Good baking technique requires you to let go of the clock in favor of the dough's appearance. I don't mean to sound snarky or superior because I recognize the convenience, the comfort, and the assurance of using the clock as the primary metric, but double means double and not sixty minutes. Every time you make a yeast dough, you're making a new culture. And every culture is different and will respond somewhat differently to the ambient conditions -- which also vary.
The more you bake the more you learn to rely on your eyes, nose and fingers and the less on your clock and measuring spoons. Think of the clock's function as telling you when to start paying attention. Think of your measuring cups and spoons as less accurate than your fingers and eyes. And think of someone else's recipe or technique (including mine) as an intermediate step to developing your own.
As a way of facilitating that paradigm shift -- Bread is always four things and always within a rather restricted range of proportions. A bit more than six cups of flour, requires about 2-1/2 cups of water and a tbs of salt, and an amount of yeast roughly equal to 2 tbs of "instant" yeast. You can use different yeast cultures which will require a different amount. But other than that, that's bread. Every other addition is a minor variation. Break almost any bread recipe down into liquids, flours, etc., and you'll find those four things in similar proportions -- whatever else is in there.

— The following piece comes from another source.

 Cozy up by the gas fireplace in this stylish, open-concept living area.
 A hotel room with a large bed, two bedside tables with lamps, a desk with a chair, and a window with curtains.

When I wrote about the proportions, I was never very exact. Everything was "roughly," or "about" or "a bit more." That's because there is no exact proportion for making bread right. Not ever. It's a look, a feel, a smell. We keep our yeast and flour proportions fairly constant (for any given type of yeast) because that comes so early in the process and because variations in timing can compensate for variations in the ingredients or ambient conditions. Liquid we add to suit. In that way, every bread is couture.
Here's some technique: If you're using a stand mixer to knead, measure in 2/3 of the recommended liquid as the last ingredient, start the mixer, let it mix the dough, then start adding liquid until every bit of flour is picked up from the bottom of the bowl. If the dough doesn't clear the bowl, i.e., if it still sticks to the bowl, sprinkle on just enough extra flour so the dough comes away cleanly.
Knead about 20% less than the recommended time (time to pay attention, remember), take the dough out and finish kneading by hand. The first thing you should notice is whether the dough is sticky or not. Most bread doughs should be sticky. They should be just dry enough so the dough prefers to stick to itself, rather than your hand. But ... a bit wet and a bit sticky is what you want. And the only way to know is to feel it. To feel every part of it. In other words, to finish kneading by hand.
When it's kneaded, oil it lightly to keep it from drying out and keep the surface flexible; put it somewhere it can't escape (your tub is fine); and let it rise. How long should it rise? To about 2-1/2 times its original height, which is the proverbial "double in volume" (didn't know that, did you?). There's no particular number of minutes. That depends on how active the yeast, how sweet the bread, the temperature, the humidity, and a number of other factors. Is the timing important. It's important but not critical. Your hole on top is one reason it's important.
Why am I telling you all this when all you want to do is fix the hole? To make bread making the artisanal and satisfying experience it should be for you instead of a task. To give you mastery.